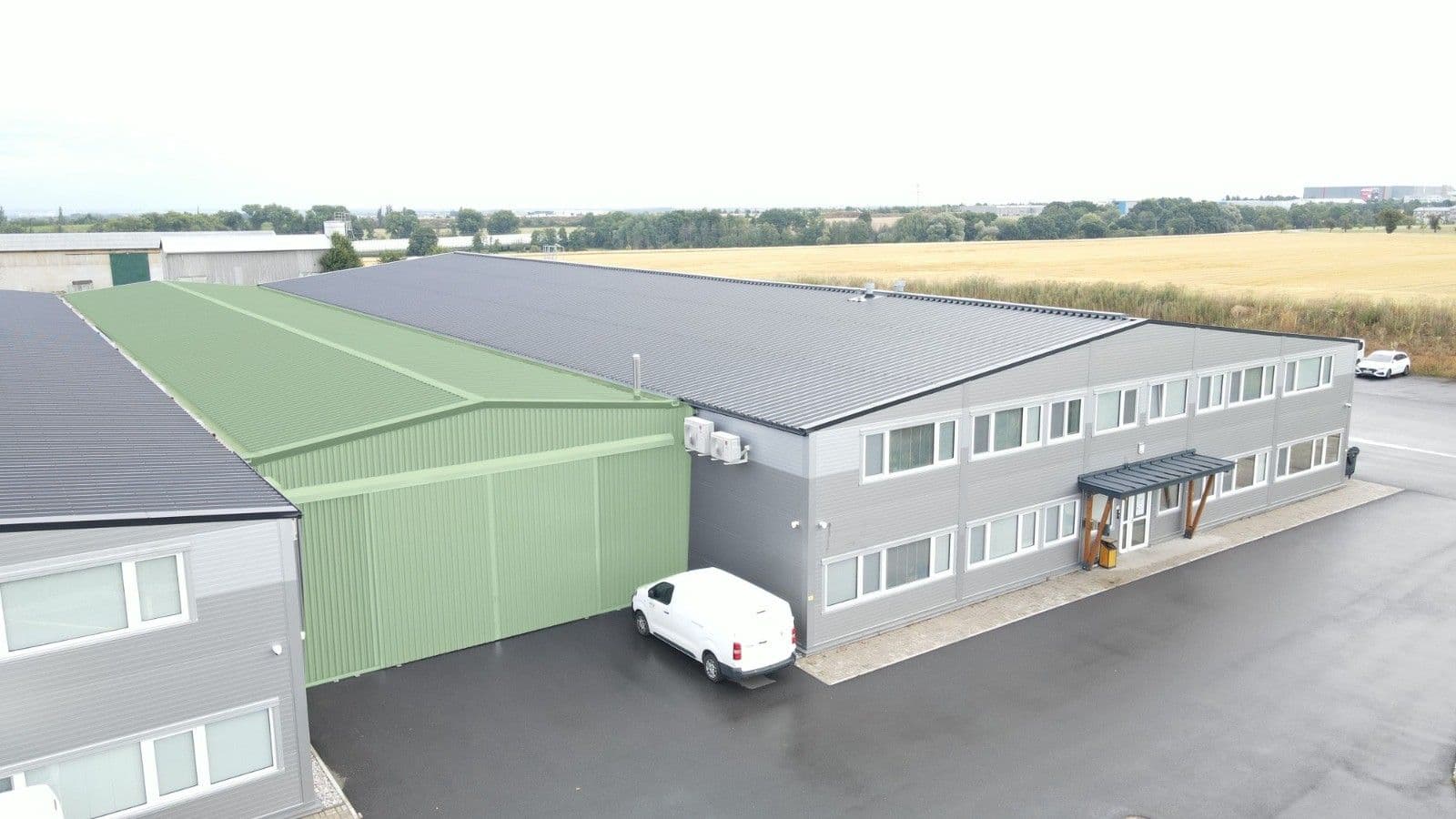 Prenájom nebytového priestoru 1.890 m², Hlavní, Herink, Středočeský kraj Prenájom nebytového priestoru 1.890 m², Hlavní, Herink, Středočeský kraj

---

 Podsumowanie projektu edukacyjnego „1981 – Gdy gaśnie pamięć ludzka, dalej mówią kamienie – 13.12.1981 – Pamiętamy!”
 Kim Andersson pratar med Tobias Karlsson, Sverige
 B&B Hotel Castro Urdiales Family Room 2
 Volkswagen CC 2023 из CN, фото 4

• _ACTION ITEM_
Above are the records. Copy the lines beginning at the one that has "Kim Andersson pratar" and ending with the one that has "Volkswagen CC 2023 из CN, фото 4", unchanged.

• _OUTPUT FOR THIS TASK_
 Kim Andersson pratar med Tobias Karlsson, Sverige
 B&B Hotel Castro Urdiales Family Room 2
 Volkswagen CC 2023 из CN, фото 4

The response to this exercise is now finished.